From d52ba79d8906a1a758051f3c3189c7440ecc1adc Mon Sep 17 00:00:00 2001
From: Megvii Engine Team <megengine@megvii.com>
Date: Wed, 13 Apr 2022 18:25:08 +0800
Subject: [PATCH] fix(lite): support set data by copy on device tensor

GitOrigin-RevId: 88b7f73d364d63bb3cad95ec063f283048895f94
---
 lite/pylite/megenginelite/tensor.py | 32 +++++++++++++++-----------------
 lite/pylite/test/test_tensor.py     | 24 ++++++++++++++++++++++++
 2 files changed, 39 insertions(+), 17 deletions(-)

diff --git a/lite/pylite/megenginelite/tensor.py b/lite/pylite/megenginelite/tensor.py
index 897ac44b..4a1b7c78 100644
--- a/lite/pylite/megenginelite/tensor.py
+++ b/lite/pylite/megenginelite/tensor.py
@@ -407,7 +407,7 @@ class LiteTensor(object):
 
     def set_data_by_copy(self, data, data_length=0, layout=None):
         """
-        copy the data to the tensor
+        copy the data to the tensor, the memory of the tensor must be continue
         param data: the data to copy to tensor, it should be list,
         numpy.ndarraya or ctypes with length
         """
@@ -415,37 +415,34 @@ class LiteTensor(object):
             self.layout = layout
 
         assert self.is_continue, "set_data_by_copy can only apply in continue tensor."
-        assert (
-            self.is_pinned_host or self.device_type == LiteDeviceType.LITE_CPU
-        ), "set_data_by_copy can only apply in cpu tensor or pinned tensor."
 
         c_type = _lite_dtypes_to_ctype[LiteDataType(self._layout.data_type)]
 
-        tensor_memory = c_void_p()
+        cpu_tensor = LiteTensor(self._layout)
+        tensor_length = self.nbytes
 
         if type(data) == list:
             length = len(data)
-            self._api.LITE_get_tensor_memory(self._tensor, byref(tensor_memory))
-            tensor_length = self.nbytes
             assert (
                 length * sizeof(c_type) <= tensor_length
             ), "the length of input data to set to the tensor is too large."

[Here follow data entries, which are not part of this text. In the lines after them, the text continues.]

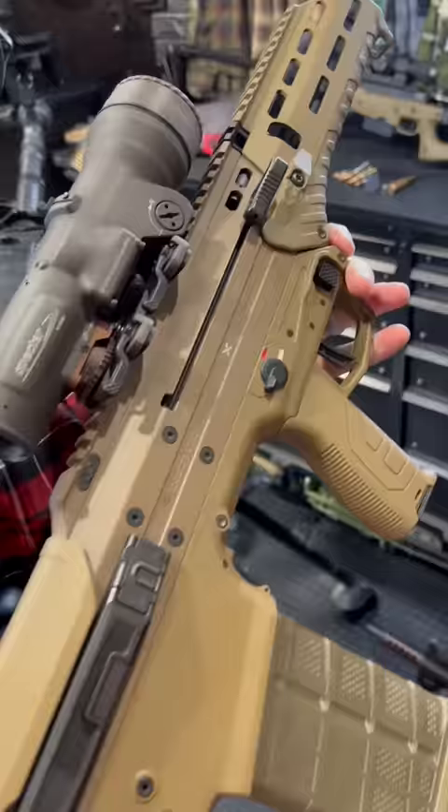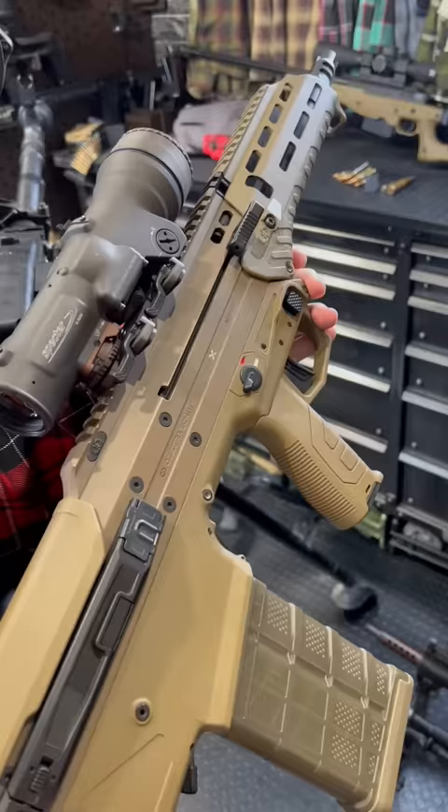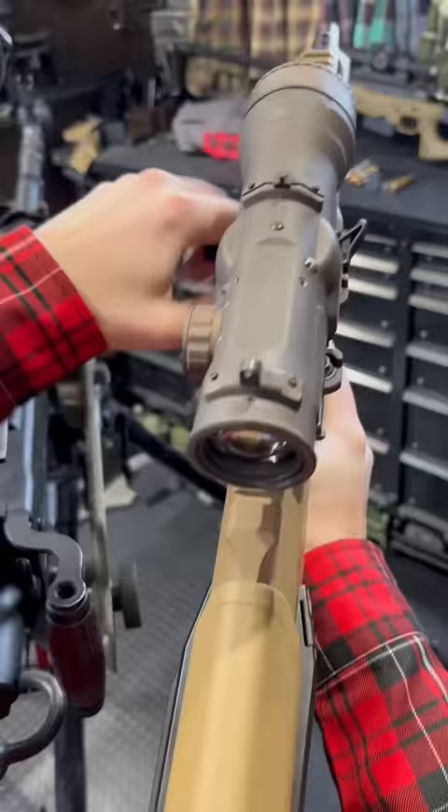Hey guys, ArmandGun here today. Let's get gun-pilled today with the Desert Tech MDRX. This is the most futuristic and well-thought-out bullpup I have honestly ever had my hands on, and I've been wildly excited for this guy for a long time.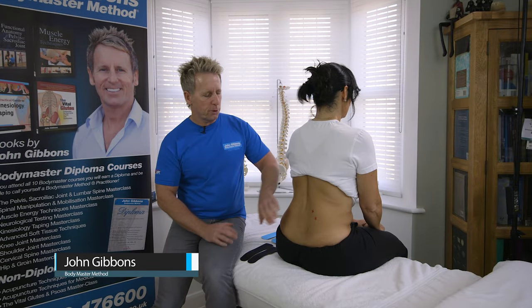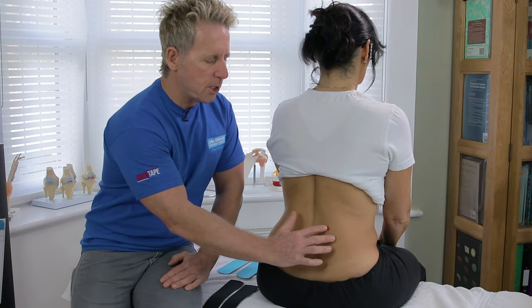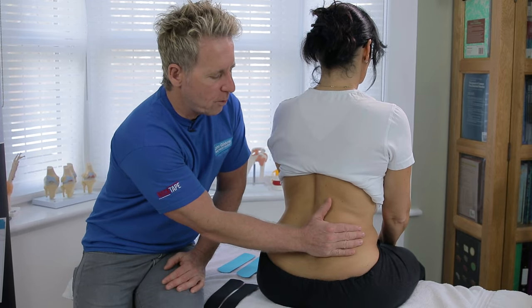My name is John Gibbons and today I'm going to teach you how to apply K-tip to the quadratus lumborum muscle. If you notice on the patient, I've applied two stars, so the patient might get pain in this sort of right area of the lower part of the back.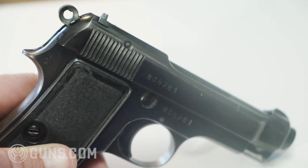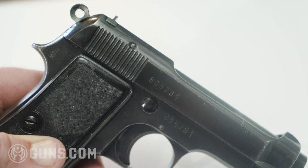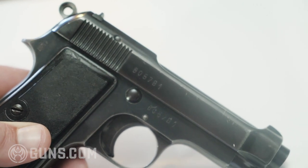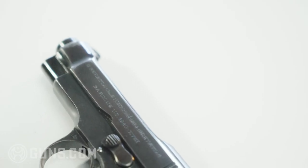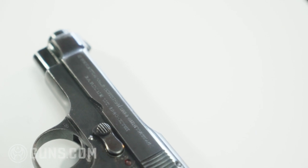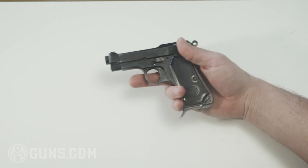You will also notice that the gun was manufactured in 1940. After that you'll notice Roman numerals which add up to 18, which means that this was the 18th year of the fascist regime in Italy. This gun is six inches in total length, the barrel length is 3.7 inches, the capacity is seven rounds, and it is one pound and seven ounces overall.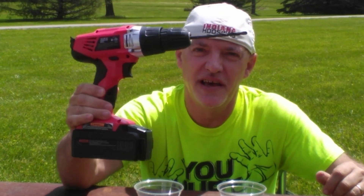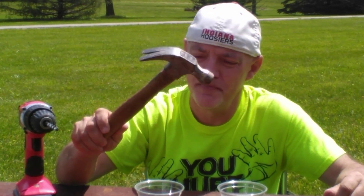You will also need a drill with a quarter inch bit, a hammer, a funnel, some sort of lighter, a piece of clay, and a fuse.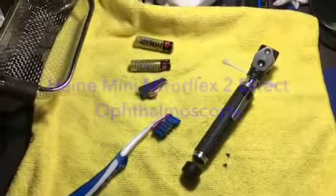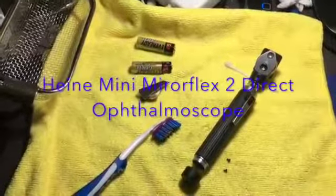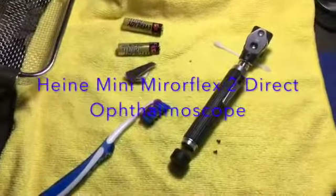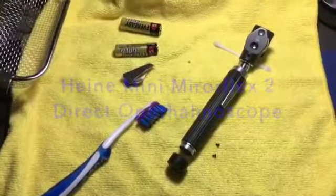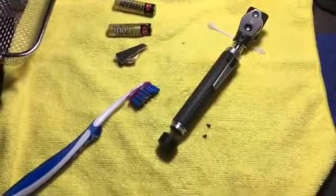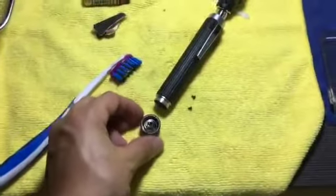Hey YouTubers, this is JeromeX. Today is a slow Saturday so I decided to service my Heine Mini Mirror Flex 2 direct ophthalmoscope. It's been standing in the cabinet for a while.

-            arr = (c_type * length)(*data)
-            memmove(tensor_memory, arr, sizeof(c_type) * length)
+            cdata = (c_type * length)(*data)
+            self._api.LITE_reset_tensor_memory(cpu_tensor._tensor, cdata, tensor_length)
+            self.copy_from(cpu_tensor)
 
         elif type(data) == np.ndarray:
-            if self.nbytes != data.nbytes:
-                self.layout = LiteLayout(data.shape, data.dtype)
-            arr = data.ctypes.data_as(POINTER(c_type))
-            self._api.LITE_get_tensor_memory(self._tensor, byref(tensor_memory))
-            assert self.nbytes == data.nbytes
-            memmove(tensor_memory, arr, self.nbytes)
+            self.layout = LiteLayout(data.shape, data.dtype)
+            cpu_tensor.layout = LiteLayout(data.shape, data.dtype)
+            cdata = data.ctypes.data_as(POINTER(c_type))
+            self._api.LITE_reset_tensor_memory(cpu_tensor._tensor, cdata, self.nbytes)
+            self.copy_from(cpu_tensor)
+
         else:
             assert (
                 data_length == self.nbytes or layout is not None
             ), "when input data is ctypes, the length of input data or layout must set"
-            self._api.LITE_get_tensor_memory(self._tensor, byref(tensor_memory))
-            memmove(tensor_memory, data, data_length)
+            self._api.LITE_reset_tensor_memory(cpu_tensor._tensor, data, tensor_length)
+            self.copy_from(cpu_tensor)
 
     def get_data_by_share(self):
         """
@@ -454,6 +451,7 @@ class LiteTensor(object):
         the tensor memory is write again, such as LiteNetwok forward next time.
         """
 
+        self.update()
         buffer = c_void_p()
         self._api.LITE_get_tensor_memory(self._tensor, byref(buffer))
         buffer = self.np_array_type.from_address(buffer.value)
diff --git a/lite/pylite/test/test_tensor.py b/lite/pylite/test/test_tensor.py
index 86af29c3..281f670f 100644
--- a/lite/pylite/test/test_tensor.py
+++ b/lite/pylite/test/test_tensor.py
@@ -323,3 +323,27 @@ def test_tensor_get_memory_by_share():
     tensor.set_data_by_copy(arr)
     assert test_data[1][18] == 5
     assert test_data[3][7] == 345
+
+
+@require_cuda
+def test_tensor_set_data_device():
+    layout = LiteLayout([2, 16], "int8")
+    tensor = LiteTensor(layout, device_type=LiteDeviceType.LITE_CUDA)
+    assert tensor.nbytes == 2 * 16
+
+    data = [i for i in range(32)]
+    tensor.set_data_by_copy(data)
+    real_data = tensor.to_numpy()
+    for i in range(32):
+        assert real_data[i // 16][i % 16] == i
+
+    arr = np.ones([2, 16], "int8")
+    tensor.set_data_by_copy(arr)
+    real_data = tensor.to_numpy()
+    for i in range(32):
+        assert real_data[i // 16][i % 16] == 1
+
+    tensor.set_data_by_copy(list(range(32)))
+    real_data = tensor.to_numpy()
+    for i in range(32):
+        assert real_data[i // 16][i % 16] == i